“Within you is my true home,” this line, closing out Psalm 87, refers to Jerusalem, the city of the living God. It is offered as comfort for the Jewish people who were dispersed throughout the pagan world and who longed for their homeland, to be in the place where God dwells. As I prepare to move yet again, I find comfort in this line as well. It is a reminder to me, when I am feeling homeless and untethered, that I do have a true home, and that no matter where I live or how often that changes, there is a refuge, a place of stability and peace that remains constant and secure.

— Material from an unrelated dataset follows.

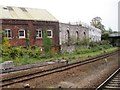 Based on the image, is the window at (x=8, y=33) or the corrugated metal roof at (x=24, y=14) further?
the corrugated metal roof at (x=24, y=14)

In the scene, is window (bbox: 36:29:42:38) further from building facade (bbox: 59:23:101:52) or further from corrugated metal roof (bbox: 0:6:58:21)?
building facade (bbox: 59:23:101:52)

Indeed, my reason for comfort, for consolation, and for hope in this pilgrim life, this life where I am often displaced, is greater even than that of the ancient Israelites. For it is not simply in a holy city that I take refuge, but in the living God himself. As Jesus was preparing his disciples for his passion and death, he made this promise to them, “Whoever loves me will keep my word, and my Father will love him, and we will come to him and make our dwelling with him.” (John 14: 23 ) Jesus promises that he and the Father will make their dwelling place in those who love him and keep his word.

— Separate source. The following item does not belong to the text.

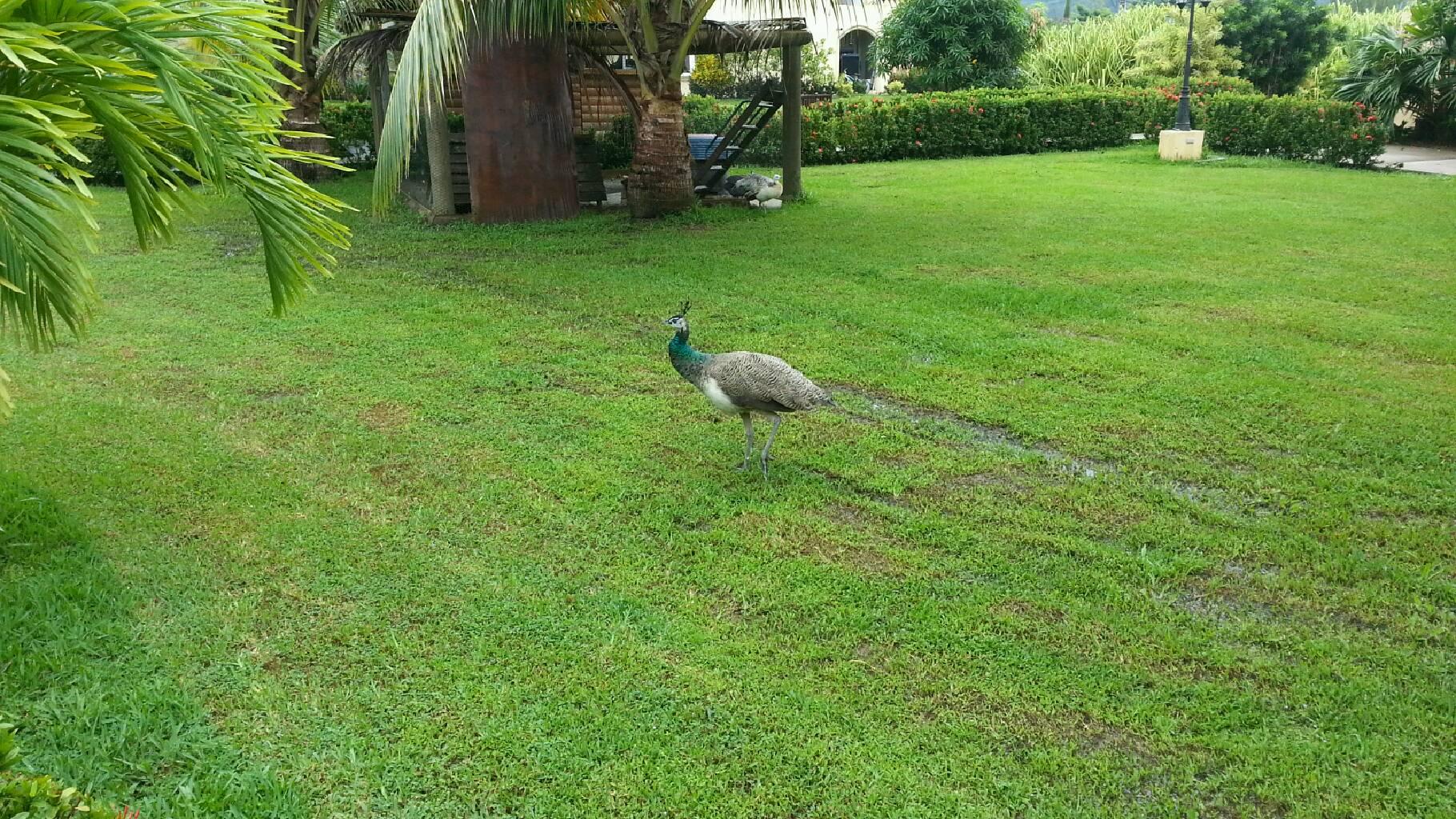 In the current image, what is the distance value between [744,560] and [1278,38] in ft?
106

He goes on to exhort us to remain in him as he remains in the Father. (John 15: 7-10) Thus, it is not only that Jesus dwells in me, but he invites me to make my home in him as well. The apostle John further emphasizes this reality writing, “God is love, and whoever remains in love remains in God and God in him.” (1 John 4: 16) This promise gives me peace in the midst of the chaos of this passing life. Moving is stressful and it is easy to get caught up in the feelings of uncertainty and instability. I do long for a dwelling place that is secure. I want to be settled.

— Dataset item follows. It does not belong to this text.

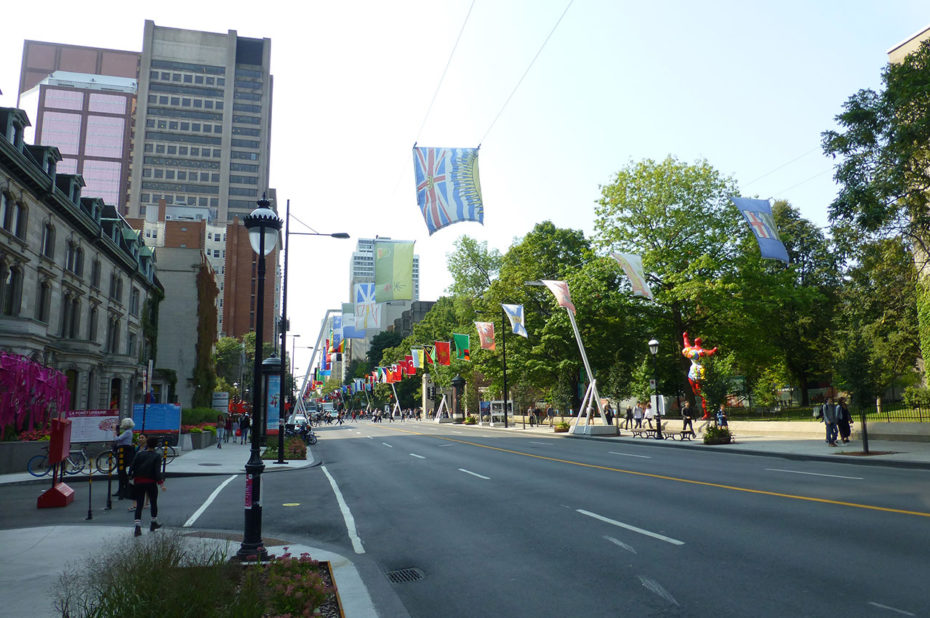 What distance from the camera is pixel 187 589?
4836mm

But then I remember my Beloved One who famously said, “Foxes have dens and birds of the sky have nests, but the Son of Man has nowhere to rest his head,” (Matt 8:20) and I am reminded that this world is not my home and that it is not the role of a disciple to become too comfortable here. I am convicted once again that anything that makes me more like my Lord is for my good, even small things like feeling not quite at home.
So, I will pack up my belongings once again, and as I do so grow in detachment. As I look for a new house, it will be with a sense of peace, resting secure that wherever I may live the God who loves me lives within me, and I in him.